Bu hikayeden de anlayacağınız üzere, çok mecbur kalmadıkça ateş etmeyin. Yanarsınız.
En son tuzağa düşürülüp öldürüldükten sonra başka bir serverda başladım oyuna, fransız ve alman serverlarının pingleri gayet düşük.
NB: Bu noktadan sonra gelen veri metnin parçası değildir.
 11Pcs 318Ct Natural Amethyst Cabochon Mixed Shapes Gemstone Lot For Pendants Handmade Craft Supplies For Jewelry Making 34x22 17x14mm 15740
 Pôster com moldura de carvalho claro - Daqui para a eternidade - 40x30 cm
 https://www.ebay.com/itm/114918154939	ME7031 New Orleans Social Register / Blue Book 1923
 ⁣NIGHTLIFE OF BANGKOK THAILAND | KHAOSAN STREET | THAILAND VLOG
Bu sefer hava kararmak üzereyken başladım oyuna, hava karanlıkken zombieler sizi göremiyor ama sizde onları genelde göremiyorsunuz çünkü hakikaten fazla karanlık, el feneri açıncada hepsi üzerinize çullanıyor. Hava yağmurluydu ve bulutlar hareket etmediği için kuzey yıldızını göremiyordum.O yüzden en mantıklı gelen otoyol üzerinden gitmek fikriyle harekete başladım, yaklaşık 30 dakika yürüdükten sonra otoyolla tren raylarının birleştiği bir yerde garip bi şekil gördüm çalıların arasında.Yanına gittim bir baktım bisikletmiş. Baktım binilebilir ve 0 hasarlıymış.Bindim bisiklete ve felaket hızlı gidiyor. 60 km hızla falan gidiyor okadar diyorum. Bisikletle birkaç küçük kasabanın yanından geçtikten sonra içinde ambar olan bir kasabanın yanında bisikleti bir zombieye çarpıp bozdum yanlışlıkla.
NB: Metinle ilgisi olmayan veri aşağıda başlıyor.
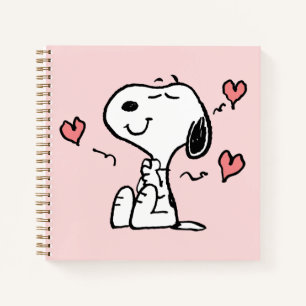 Carnet cacahuètes   Coeurs de snoopy
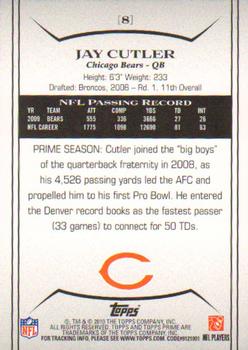 2010 Topps Prime #8 Jay Cutler  Back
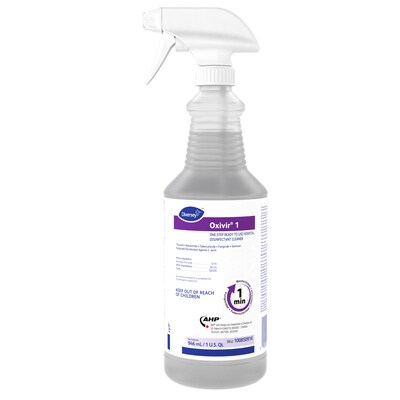 Oxivir 1 Accelerated Hydrogen Peroxide Ready-to-Use Spray, 32 oz., 12/Carton (100850916)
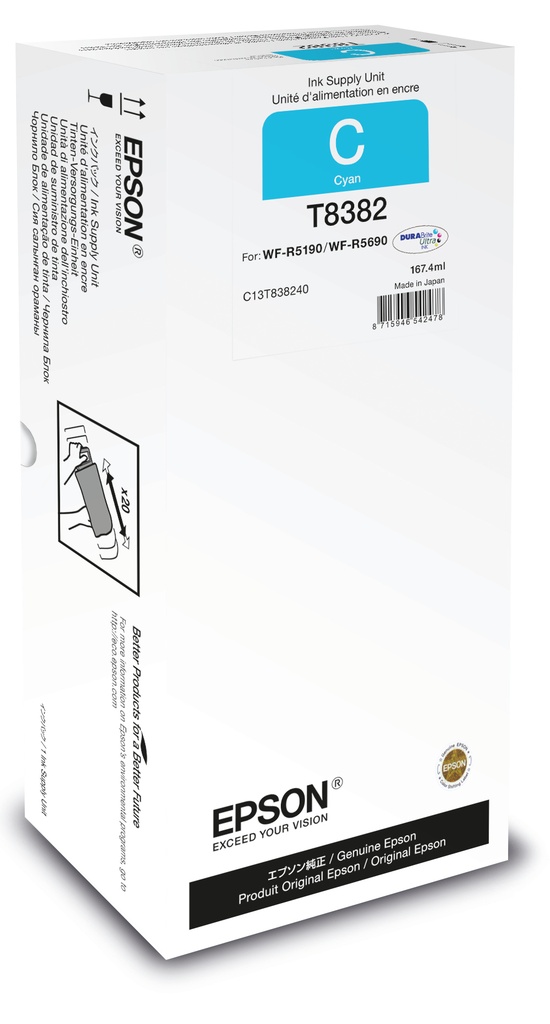 [170015441541] Epson Cyan XL Ink Supply Unit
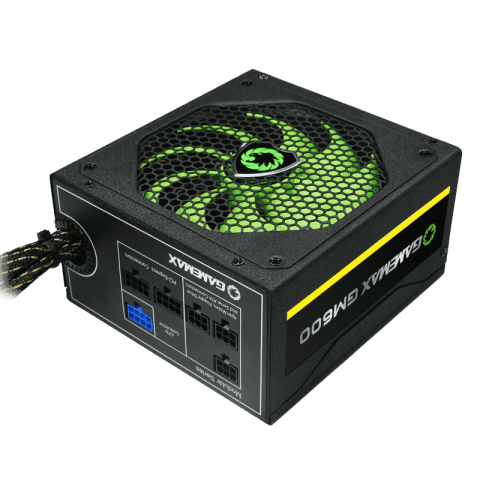 Fuente de Poder GameMax GM-600 de 600W (Semi-Modular, Certificado 80+ Bronce, ATX)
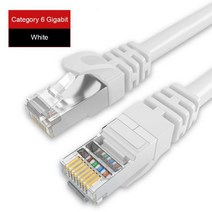랜선분배기 이더넷 케이블 Cat6 Lan 첫번째5m UTP Cat 6 RJ 45 분배기 네트워크 RJ45 노트북 라우터용 트위스트 페어 패치 코드, [01] white, [04] 5m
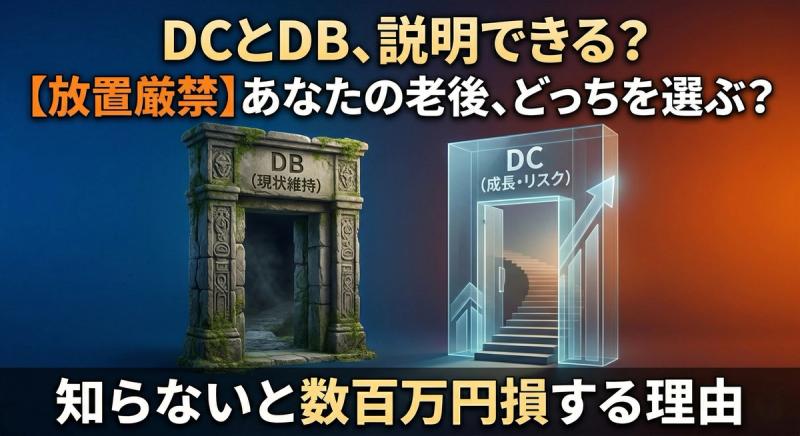 【放置厳禁】DCとDBの違い、説明できる？知らないと数百万損する「企業年金」の罠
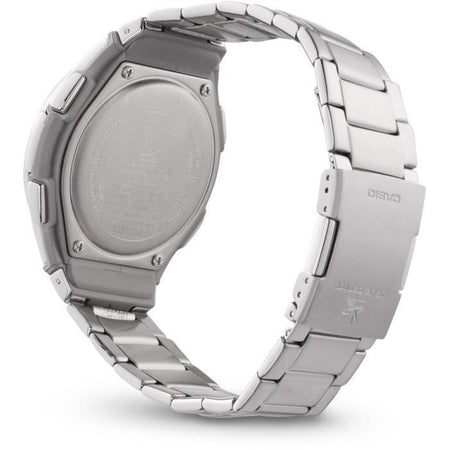 CASIO - Orologio in acciaio inossidabile - WAVECEPTOR - Grigio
Depar ata ata zombielerden kaçarken ambarlardan birine girip hemen üst kata çıktım,zombieler merdivenleri zor çıkıyorlar. Merdivenin üzerinde de ilk silahımı buldum, bir balta. Tek vuruşta zombieleri indirebiliyordu. Peşimdeki zombieleri öldürdüm ve hemen yandaki diğer ambara geçtim. Orada da 1 tane tüfekle 10 tane mermi buldum. Sonra hemen kaçayım buradan dedim çünkü zombie sesleri geliyordu ambarın dışından. Kasabadan çıkıp dağlara kaçmaya başladım ama peşimde zombie vardı bir tane ve üzerimde bandaj yoktu malesef.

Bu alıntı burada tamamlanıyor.